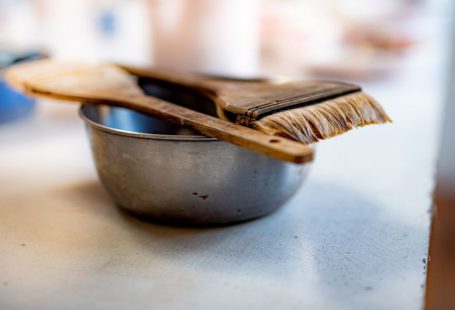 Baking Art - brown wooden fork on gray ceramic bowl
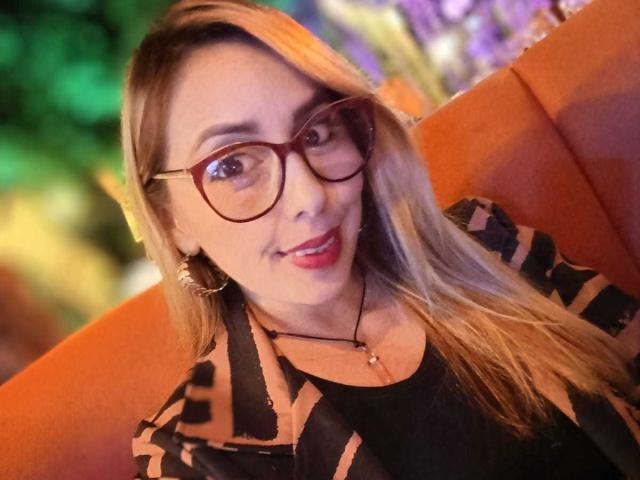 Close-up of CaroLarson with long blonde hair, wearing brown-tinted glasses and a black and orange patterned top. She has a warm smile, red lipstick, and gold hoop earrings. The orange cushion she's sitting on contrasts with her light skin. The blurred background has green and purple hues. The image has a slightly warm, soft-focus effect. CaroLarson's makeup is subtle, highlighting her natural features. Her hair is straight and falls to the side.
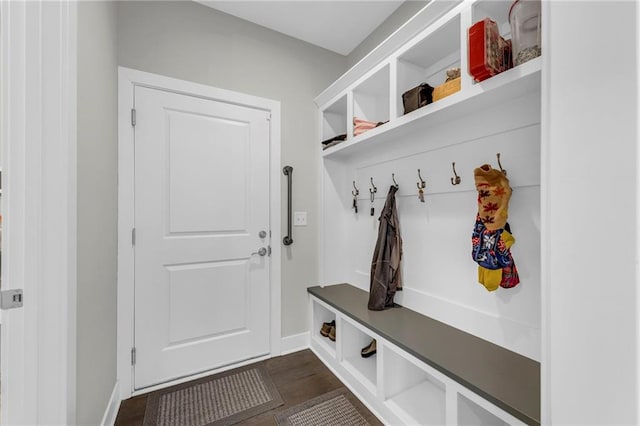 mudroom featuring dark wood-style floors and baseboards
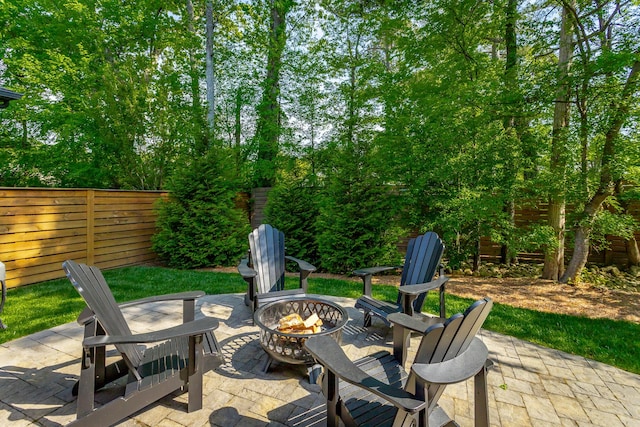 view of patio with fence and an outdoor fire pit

------------------------

PROBLEM STATEMENT —
In your copy of the listing, please omit the pictures and keep every word exact.

TASK OUTPUT —
 Baking Art - brown wooden fork on gray ceramic bowl
 Close-up of CaroLarson with long blonde hair, wearing brown-tinted glasses and a black and orange patterned top. She has a warm smile, red lipstick, and gold hoop earrings. The orange cushion she's sitting on contrasts with her light skin. The blurred background has green and purple hues. The image has a slightly warm, soft-focus effect. CaroLarson's makeup is subtle, highlighting her natural features. Her hair is straight and falls to the side.
 mudroom featuring dark wood-style floors and baseboards
 view of patio with fence and an outdoor fire pit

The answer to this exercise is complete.